Predicting the Fed’s leanings
Federal Reserve policymakers are among the best informed and most knowledgeable experts on the economy, and their decisions on interest rates are supposed to be based on exhaustive analysis of data. But Prof. Ulrike Malmendier believes something else may also be at work: the personal experiences with inflation that Fed decision makers have had over their lifetimes.
In a working paper co-authored with Stefan Nagel of the University of Chicago and Zhen Yan of the University of Michigan, “The Making of Hawks and Doves,” Malmendier offers evidence that Fed policymakers’ lifetime experiences with rising prices help shape their projections of future inflation and influence their votes on monetary policy.
If they lived as adults through periods of high inflation, such as the 1970s, they tend to be much more leery of runaway prices than if they came of age during later decades, when inflation was largely under control. In short, lifetime inflation experience is important in determining whether members of the Fed’s policy body, the Federal Open Market Committee (FOMC), are “hawks” or “doves”—that is, whether they emphasize keeping prices in check or fostering economic growth and employment.
Interest rate targets—the Fed’s most important policy decisions—have often strayed from levels suggested by Fed staff and tilted toward subjective forecasts.
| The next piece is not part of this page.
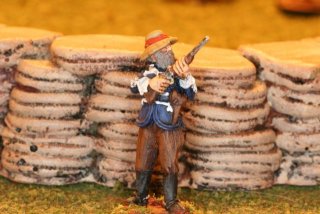 rorkes-drift-1-74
This contrasts with standard economic analysis, which holds that FOMC members’ inflation expectations and votes on policy reflect objective information on how the economy is performing. If that were the case, though, each FOMC member would take the same policy position, since all of them have access to the same information. “We’re trying to understand why these experts have very different views,” Malmendier explains.
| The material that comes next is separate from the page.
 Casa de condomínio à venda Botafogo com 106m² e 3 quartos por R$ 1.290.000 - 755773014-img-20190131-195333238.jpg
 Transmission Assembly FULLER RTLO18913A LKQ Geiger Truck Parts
Malmendier and her co-authors implemented a new model of experience-based learning, which holds that Fed policymakers forecast inflation based on how prices have behaved up to the time of an FOMC meeting. The researchers created an econometric model that incorporates lifetime inflation experience to forecast each FOMC member’s voting behavior. They controlled for changing attitudes by age, political party affiliation, and academic background in economics.
When the authors compared their experience-based forecasts with members’ actual voting behavior from March 1951 to January 2014, they found that those with more inflation experience were more likely to have hawkish voting patterns. The effect was striking: An FOMC member who had an above-average experience with inflation was one-third more likely to take a hawkish stance that went against the committee majority, and also one-third less likely to take a dovish stance.
Perhaps most striking was that FOMC members’ personal experiences with inflation have been a key determinant of Fed policy. Specifically, the interest rate targets set at FOMC meetings—the Fed’s most important policy decisions—have often strayed from levels suggested by Fed staff and tilted toward the subjective forecasts of FOMC members.
Malmendier and her co-authors estimate that, throughout most of the 2000s, the Fed’s interest rate targets would have been 0.5 to 1 percentage point lower if policy had been based exclusively on staff forecasts.
In other words, age matters when choosing Fed policymakers: Experience of inflation differs largely according to birth year.
“Our results add a twist to the practical notion that the choice of a policymaker can have a long-lasting impact on policy outcomes,” the paper concludes. “To predict a policymaker’s leanings, it is helpful to look at the person’s prior lifetime experiences.”